Problem description
With the pictures left out, copy the records below exactly from the first line down to the line holding "By default, they", and include that line.

Materials provided

========

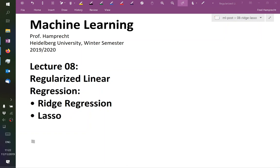We started talking about linear regression, and there we found that we need to solve the following problem.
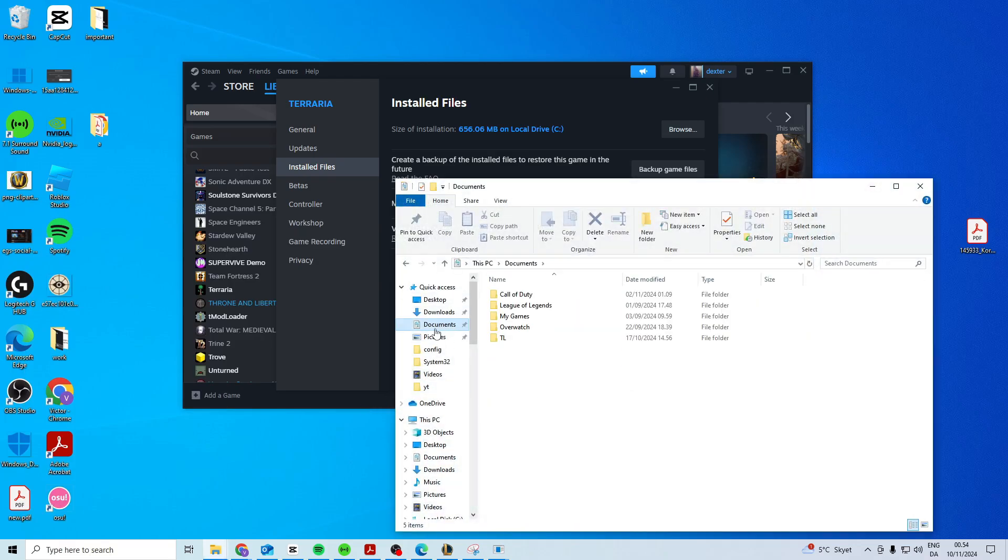Then head over to documents, find Call of Duty, and delete this folder. Then see if it works now.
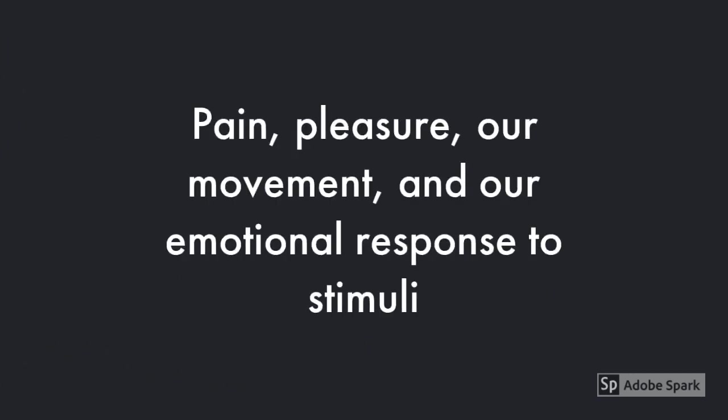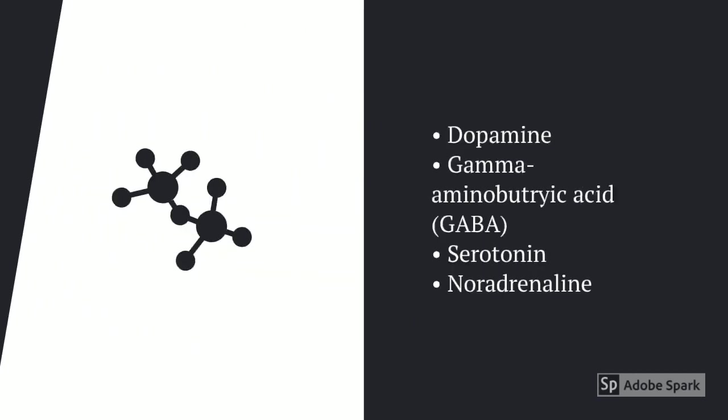They have the ability to control our capability to experience pain, pleasure, our movement and our emotional response to stimuli.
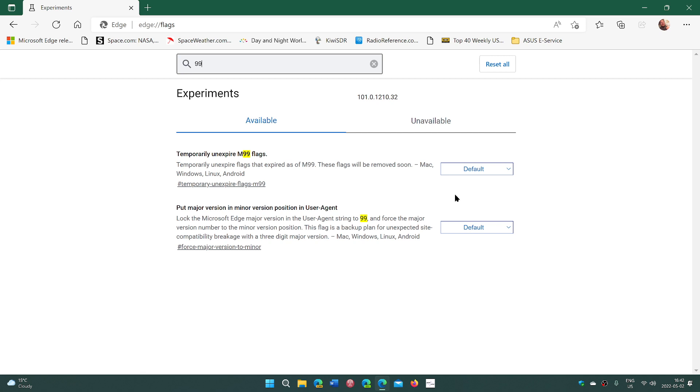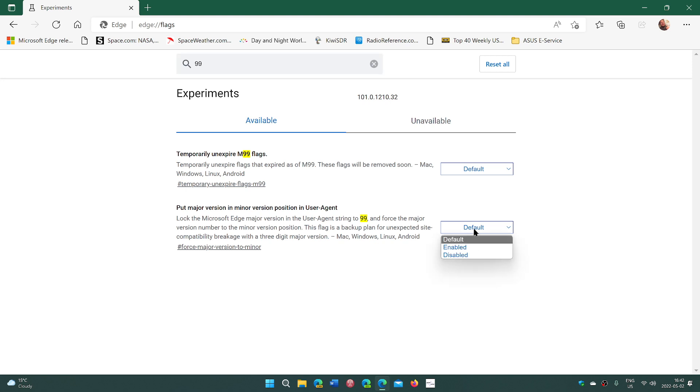By default, they are turned off. The major one will be put major version in minor version position for you in user agent. That means it's going to force your browser to react and give a website info that it's version 99. So you just go here and you enable this.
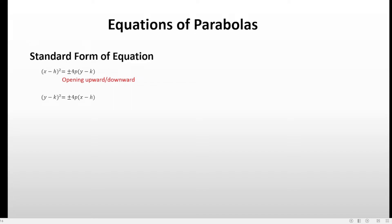Then we have the other format: y minus k quantity squared equals positive or negative 4p times x minus h. So this equation is either opening to the right or opening to the left. The difference is that in the first one, x is the variable in the equation, and here y is the only variable. So in the first one, x is the variable in the degree of 2, and here y is the variable in the degree of 2.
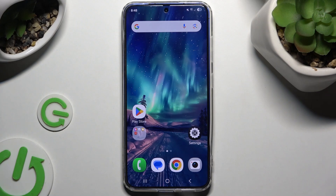In front of me is the Samsung Galaxy S25, and today I would like to show you how you can check all the specifications of this Samsung.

========

Solved exercise
We started talking about linear regression, and there we found that we need to solve the following problem.
Then head over to documents, find Call of Duty, and delete this folder. Then see if it works now.
They have the ability to control our capability to experience pain, pleasure, our movement and our emotional response to stimuli.
By default, they are turned off. The major one will be put major version in minor version position for you in user agent. That means it's going to force your browser to react and give a website info that it's version 99. So you just go here and you enable this.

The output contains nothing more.